Perhaps I explore these subjects because I want to find a space in them for healing.  Art can find a way into our minds, start us thinking, and sometimes there is a divine whispering, a new insight coming up that may include compassion, or understanding, or connection.  All the work I do is intended to unlock some self knowledge, at whatever level it happens.  Because I have no answers, I am very drawn to ask the people I work with on these projects, to explain themselves to me.  I remember saying to the people I painted and interviewed for the A Graceful Death exhibition, "Who are you? What do you want to say?" From those questions all manner of stories, accounts and wonderful things emerged.  I use those questions in all the projects I do now.

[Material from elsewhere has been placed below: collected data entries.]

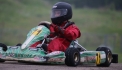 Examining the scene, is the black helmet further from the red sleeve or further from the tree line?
the tree line

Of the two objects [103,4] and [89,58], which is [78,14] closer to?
[103,4]

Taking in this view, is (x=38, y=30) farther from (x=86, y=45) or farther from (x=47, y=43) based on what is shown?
(x=86, y=45)

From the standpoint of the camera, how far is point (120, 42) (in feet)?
92.2

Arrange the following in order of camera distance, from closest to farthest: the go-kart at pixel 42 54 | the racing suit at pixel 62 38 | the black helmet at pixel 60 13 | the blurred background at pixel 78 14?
1. the go-kart at pixel 42 54
2. the racing suit at pixel 62 38
3. the black helmet at pixel 60 13
4. the blurred background at pixel 78 14

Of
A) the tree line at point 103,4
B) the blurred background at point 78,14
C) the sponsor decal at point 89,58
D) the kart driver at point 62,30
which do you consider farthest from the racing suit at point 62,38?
the tree line at point 103,4

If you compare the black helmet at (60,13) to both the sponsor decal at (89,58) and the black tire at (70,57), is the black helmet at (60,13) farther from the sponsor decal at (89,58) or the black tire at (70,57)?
the black tire at (70,57)

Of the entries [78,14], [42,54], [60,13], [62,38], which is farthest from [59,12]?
[78,14]

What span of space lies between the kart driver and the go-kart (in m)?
0.18

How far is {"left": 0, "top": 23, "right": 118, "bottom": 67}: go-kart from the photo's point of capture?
10.6 meters

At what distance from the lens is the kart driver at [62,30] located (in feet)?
37.1

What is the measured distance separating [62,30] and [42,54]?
0.89 metres

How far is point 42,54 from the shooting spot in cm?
1070

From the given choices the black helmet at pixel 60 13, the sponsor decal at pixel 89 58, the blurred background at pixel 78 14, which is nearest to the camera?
the sponsor decal at pixel 89 58

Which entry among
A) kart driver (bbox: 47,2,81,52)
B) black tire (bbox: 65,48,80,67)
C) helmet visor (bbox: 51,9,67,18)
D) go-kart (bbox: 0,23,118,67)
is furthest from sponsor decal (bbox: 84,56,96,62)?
helmet visor (bbox: 51,9,67,18) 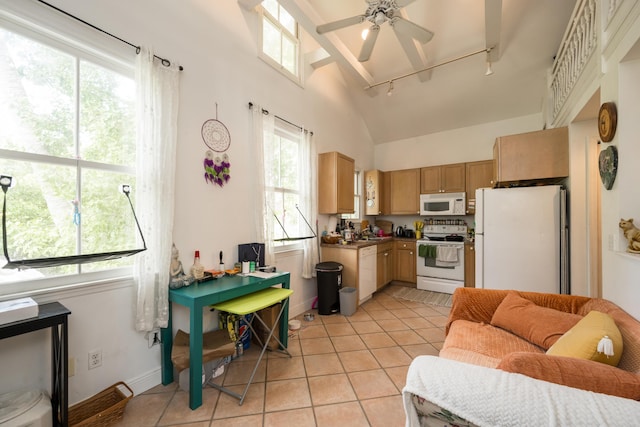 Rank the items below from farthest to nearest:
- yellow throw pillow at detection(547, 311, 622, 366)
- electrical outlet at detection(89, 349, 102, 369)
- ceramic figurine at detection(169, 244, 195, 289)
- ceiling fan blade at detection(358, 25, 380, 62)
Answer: ceiling fan blade at detection(358, 25, 380, 62)
ceramic figurine at detection(169, 244, 195, 289)
electrical outlet at detection(89, 349, 102, 369)
yellow throw pillow at detection(547, 311, 622, 366)

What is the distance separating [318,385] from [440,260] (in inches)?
122

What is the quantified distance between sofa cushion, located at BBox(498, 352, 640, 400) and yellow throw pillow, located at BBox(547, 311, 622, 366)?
0.60ft

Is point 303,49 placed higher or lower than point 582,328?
higher

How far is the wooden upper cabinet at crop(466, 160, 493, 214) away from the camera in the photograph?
4287mm

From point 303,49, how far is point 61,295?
370cm

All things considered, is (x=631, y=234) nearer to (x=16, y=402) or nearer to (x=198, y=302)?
(x=198, y=302)

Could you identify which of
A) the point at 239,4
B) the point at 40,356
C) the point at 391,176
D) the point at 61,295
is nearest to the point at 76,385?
the point at 40,356

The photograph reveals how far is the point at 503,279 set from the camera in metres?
3.00

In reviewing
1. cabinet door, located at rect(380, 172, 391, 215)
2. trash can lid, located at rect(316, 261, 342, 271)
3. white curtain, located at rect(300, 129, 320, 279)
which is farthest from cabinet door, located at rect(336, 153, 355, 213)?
cabinet door, located at rect(380, 172, 391, 215)

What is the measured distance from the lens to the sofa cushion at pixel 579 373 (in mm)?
864

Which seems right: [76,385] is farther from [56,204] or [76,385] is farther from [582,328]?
[582,328]

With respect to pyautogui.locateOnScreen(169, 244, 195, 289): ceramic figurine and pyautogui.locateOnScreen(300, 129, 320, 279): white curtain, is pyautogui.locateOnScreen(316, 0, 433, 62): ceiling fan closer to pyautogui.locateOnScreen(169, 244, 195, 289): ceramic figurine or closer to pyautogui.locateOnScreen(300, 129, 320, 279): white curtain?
pyautogui.locateOnScreen(300, 129, 320, 279): white curtain

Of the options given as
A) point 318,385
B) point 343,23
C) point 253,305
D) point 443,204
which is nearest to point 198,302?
point 253,305

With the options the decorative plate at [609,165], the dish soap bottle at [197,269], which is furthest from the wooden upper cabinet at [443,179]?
the dish soap bottle at [197,269] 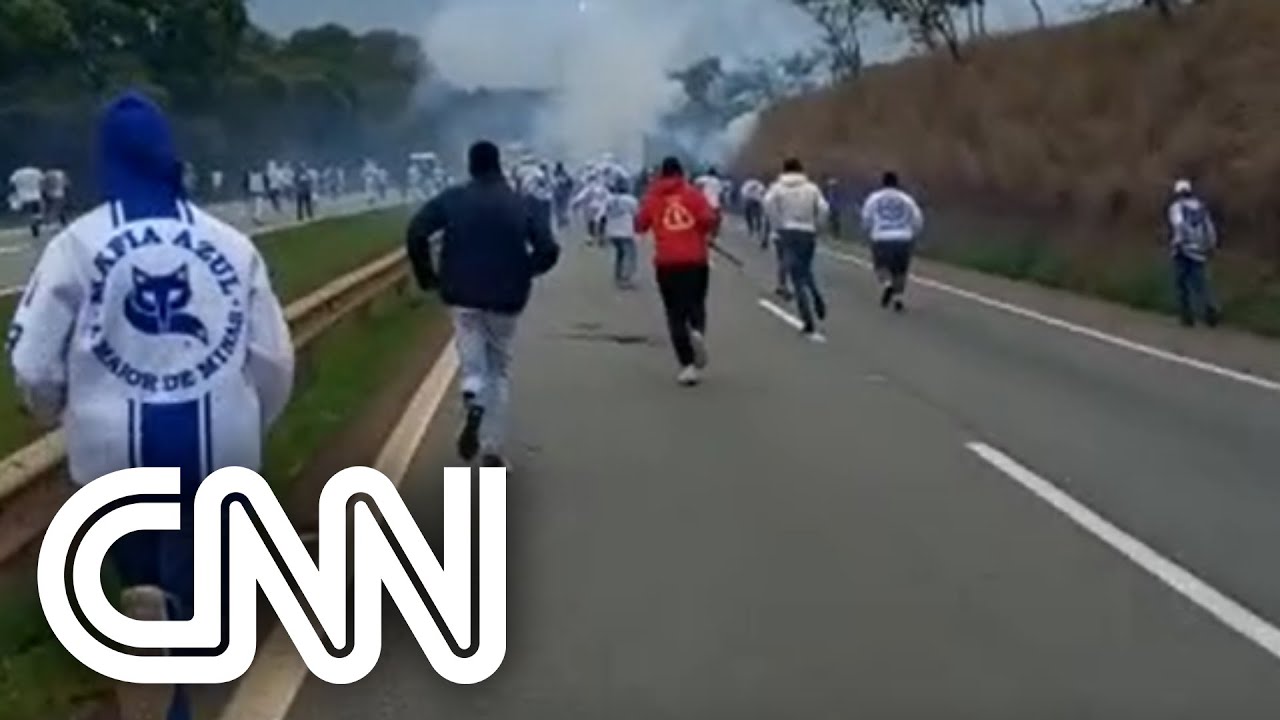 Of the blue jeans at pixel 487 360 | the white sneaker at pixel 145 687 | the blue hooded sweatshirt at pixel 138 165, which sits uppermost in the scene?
the blue hooded sweatshirt at pixel 138 165

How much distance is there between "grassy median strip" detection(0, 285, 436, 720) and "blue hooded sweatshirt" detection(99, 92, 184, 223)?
295cm

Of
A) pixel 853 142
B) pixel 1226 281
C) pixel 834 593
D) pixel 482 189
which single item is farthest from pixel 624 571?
pixel 853 142

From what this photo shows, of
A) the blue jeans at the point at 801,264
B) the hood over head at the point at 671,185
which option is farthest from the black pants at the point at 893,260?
the hood over head at the point at 671,185

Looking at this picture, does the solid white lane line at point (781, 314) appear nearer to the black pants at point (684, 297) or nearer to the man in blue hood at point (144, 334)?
the black pants at point (684, 297)

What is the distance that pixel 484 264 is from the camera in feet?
50.6

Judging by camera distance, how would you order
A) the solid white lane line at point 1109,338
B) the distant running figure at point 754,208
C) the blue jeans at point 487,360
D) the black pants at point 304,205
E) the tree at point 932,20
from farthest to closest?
the tree at point 932,20
the black pants at point 304,205
the distant running figure at point 754,208
the solid white lane line at point 1109,338
the blue jeans at point 487,360

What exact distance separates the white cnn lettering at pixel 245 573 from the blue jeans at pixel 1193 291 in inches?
921

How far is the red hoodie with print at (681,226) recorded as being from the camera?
71.5ft

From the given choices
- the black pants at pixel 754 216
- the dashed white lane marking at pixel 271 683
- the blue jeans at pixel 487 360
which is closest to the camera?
the dashed white lane marking at pixel 271 683

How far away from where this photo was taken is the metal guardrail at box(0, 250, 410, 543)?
995 centimetres

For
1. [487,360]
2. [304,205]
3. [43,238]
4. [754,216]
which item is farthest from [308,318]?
[304,205]

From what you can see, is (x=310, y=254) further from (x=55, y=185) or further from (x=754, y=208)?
(x=754, y=208)

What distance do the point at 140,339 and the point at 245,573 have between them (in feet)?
2.16

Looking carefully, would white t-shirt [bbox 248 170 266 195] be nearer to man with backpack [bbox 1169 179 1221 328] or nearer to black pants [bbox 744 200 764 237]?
black pants [bbox 744 200 764 237] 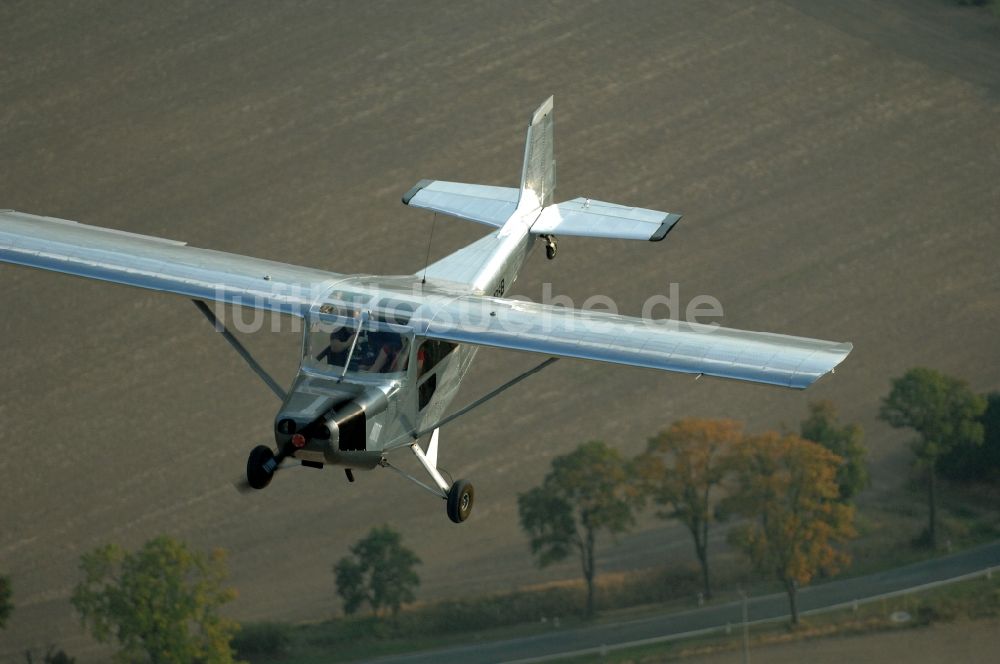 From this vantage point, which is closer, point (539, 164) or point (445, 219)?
point (539, 164)

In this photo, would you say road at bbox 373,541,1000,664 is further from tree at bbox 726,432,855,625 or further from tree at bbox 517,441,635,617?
tree at bbox 517,441,635,617

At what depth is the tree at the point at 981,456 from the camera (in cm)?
7900

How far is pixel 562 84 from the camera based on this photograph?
9569cm

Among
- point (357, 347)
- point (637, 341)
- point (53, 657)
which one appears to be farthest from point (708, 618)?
point (357, 347)

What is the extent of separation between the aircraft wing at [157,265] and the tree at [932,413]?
45.1 m

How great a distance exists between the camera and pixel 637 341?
33.9 m

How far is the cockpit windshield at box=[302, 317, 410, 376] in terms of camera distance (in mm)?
32750

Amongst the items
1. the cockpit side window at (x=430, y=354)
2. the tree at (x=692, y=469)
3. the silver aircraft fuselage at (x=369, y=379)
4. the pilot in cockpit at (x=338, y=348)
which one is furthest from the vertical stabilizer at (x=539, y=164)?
the tree at (x=692, y=469)

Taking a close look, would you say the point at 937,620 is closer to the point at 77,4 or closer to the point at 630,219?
the point at 630,219

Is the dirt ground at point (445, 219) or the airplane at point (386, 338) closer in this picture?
the airplane at point (386, 338)

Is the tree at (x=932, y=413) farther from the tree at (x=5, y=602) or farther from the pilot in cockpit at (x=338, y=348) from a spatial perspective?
the pilot in cockpit at (x=338, y=348)

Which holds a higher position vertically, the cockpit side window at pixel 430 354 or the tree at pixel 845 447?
the tree at pixel 845 447

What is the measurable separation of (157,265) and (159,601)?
33087mm

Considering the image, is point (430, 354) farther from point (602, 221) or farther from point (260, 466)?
point (602, 221) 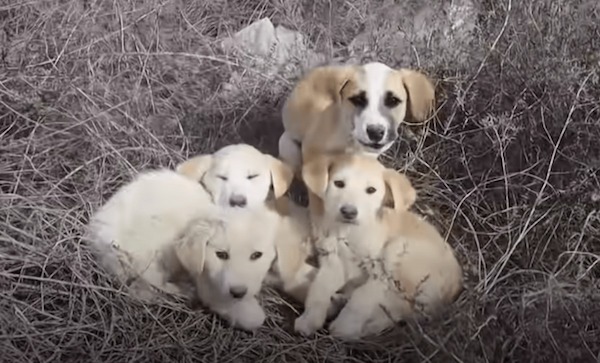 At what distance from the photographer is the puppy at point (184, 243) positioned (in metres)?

Of course, I really explore these subjects for myself.  I want to understand something of the humanity of the people involved.  How can we understand another person's humanity?  I don't really know, but we have to have a go.   The journey of a thousand miles begins with a single step, as an ancient Chinese proverb says.  I am drawn to this work, these subjects, this exploration, this journey.  Everyone on the journey teaches me something.  It all comes down to me, then.  What do I learn?  What can I do?  How can I use this knowledge?  Much of the knowledge is perhaps "total knowledge", as in Dame Cicely Saunders using the phrase "total pain".  It is physical, mental, social and spiritual.  That kind of knowledge rubs off on people that are around it, and gathering the stories of people who have experienced, and are still experiencing, difficult stuff, can be very powerful.  I have found that we all benefit.  In the telling of the story, the listening to the story and the showing of the story.          

And so, now, back to painting jolly things.  Why am I not interested in doing any?  Perhaps because my life is quite jolly, and I need a bit of an internal push to paint.  My life outside the studio is like this. 

  1. No one lives with me.  Done the Mum thing. 
  2. My house is full of all my favourite stuff. My daughter says it is like my creative brain has exploded onto the walls.
  3. Living alone, I can eat what I want, when I want, and experiment with all manner of nice treats.  Like seeing what peanut butter and jam sandwiches are like in the bath at 3am.  
  4. My garden is filling itself with new buds, flowers, lush new growths of young strong green foliage and it makes me feel delighted with life. (I may have love fits about the garden but it is actually my friend Chris who works hard in it, he makes it thrive.  I just coo about it and commune with nature as if I had done it all)
  5. I have my fourth grand child, born last week, to adore.  Still doing the Grandma thing.
  6. I have lots of ideas for lots of projects, so there is never a dull moment.  A wonderful gift in getting older is that I don't actually have to do them.  It is enough to sit on my soft red sofa and simply think about them. I can then chose the easiest.

 I wonder if I am taking all the jolly things for granted, and simply enjoying them.  But perhaps, thinking about it even more, I respond to the tightrope balance between harmony in my private life and a wish to explore the darkness beyond it.  I have only arrived at a modicum of harmony in my own life by knowing and experiencing huge disharmony.  My life has not been easy, but it has been amazing. There is something very real, very true, about people when the chips are down.  That is where the truth is.  That is where the insights are.  That is where the hard work is.  That is where I want to discover more about life itself.  I have been there so often myself, and may still return - life is unpredictable.  But at the moment, there is enough jolly in my home and life that I do not want to explore it through art.  I simply want to have it, and gain courage from it and carry on exploring.

A jolly painting, "Jesus on the Tube" has been a firm favourite for many years. See, I can do it.